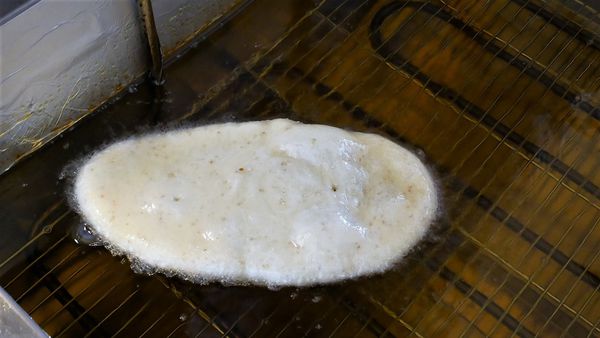 【台南市-安平區】新安平美食散步小吃『畢夫餅』~全台首創,源自加拿大的國民小吃!邊走邊吃享樂趣٩(๑^ 3 ^๑)۶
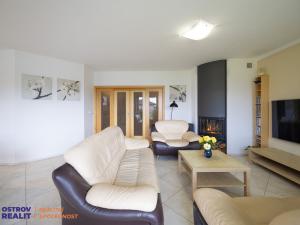 Prodej rodinného domu, Postřelmov, Růžová, 231 m2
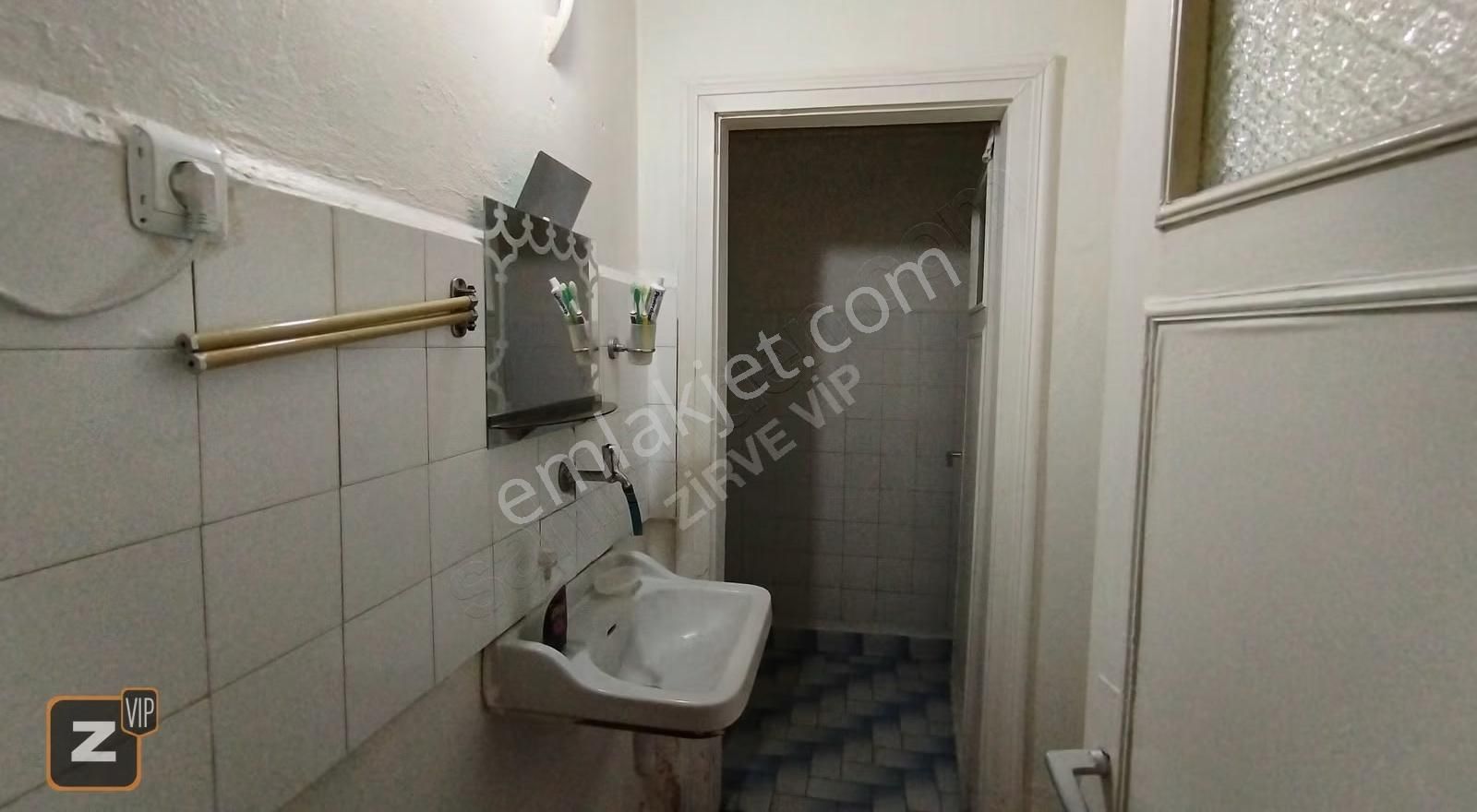 Gülük Mahallesi'nde Satılık 3+1 Daire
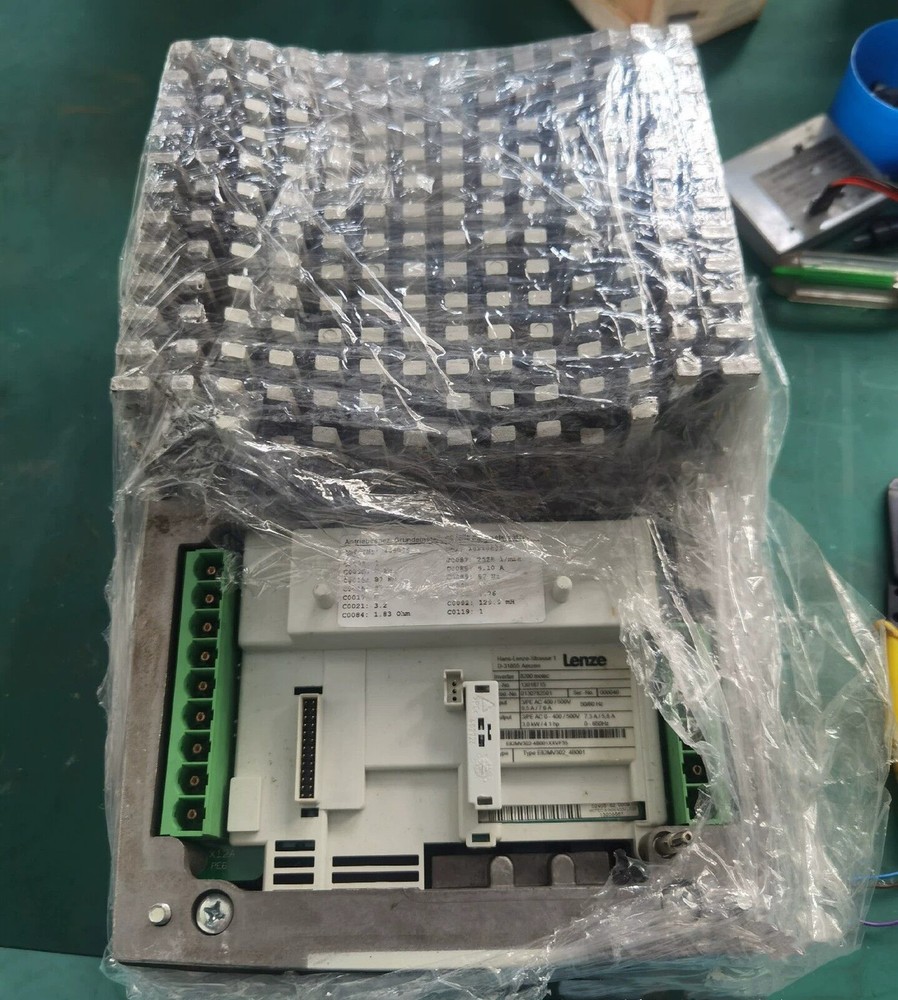 1Pcs Used E82MV302_4B001 Via DHL or Fedex #A6-3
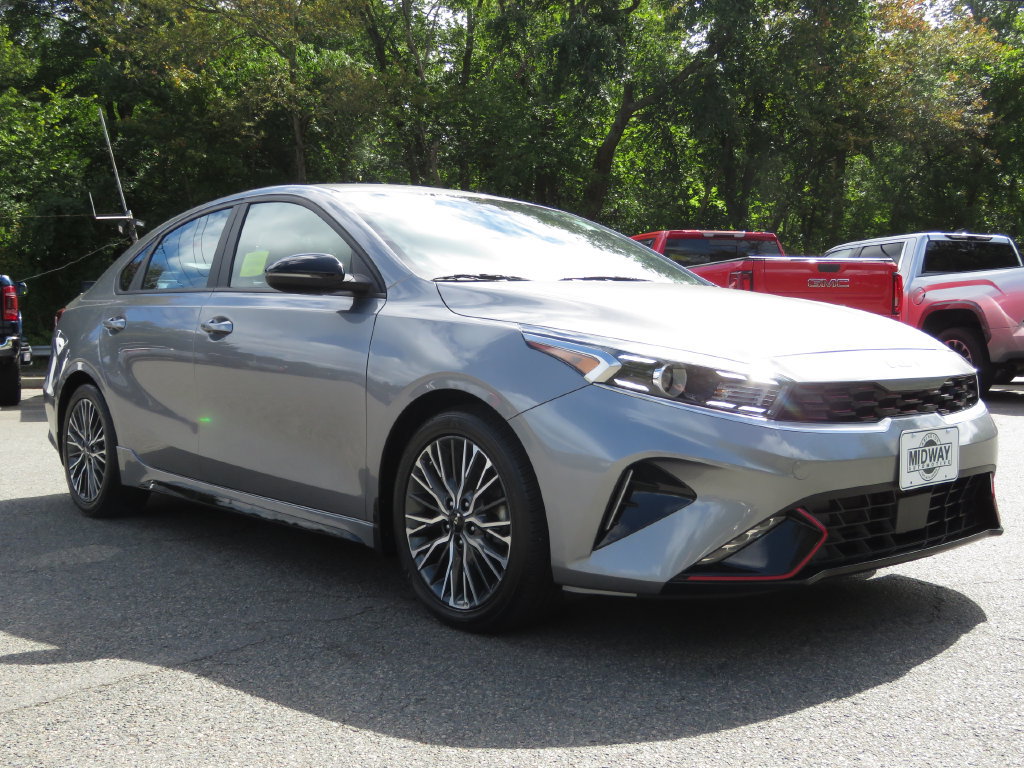 Used 2023 Kia Forte GT-Line w/ GT-Line Premium Package FWD image 3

What needs to be done:
Transcribe every record exactly and omit each image.

Completed exercise:
 【台南市-安平區】新安平美食散步小吃『畢夫餅』~全台首創,源自加拿大的國民小吃!邊走邊吃享樂趣٩(๑^ 3 ^๑)۶
 Prodej rodinného domu, Postřelmov, Růžová, 231 m2
 Gülük Mahallesi'nde Satılık 3+1 Daire
 1Pcs Used E82MV302_4B001 Via DHL or Fedex #A6-3
 Used 2023 Kia Forte GT-Line w/ GT-Line Premium Package FWD image 3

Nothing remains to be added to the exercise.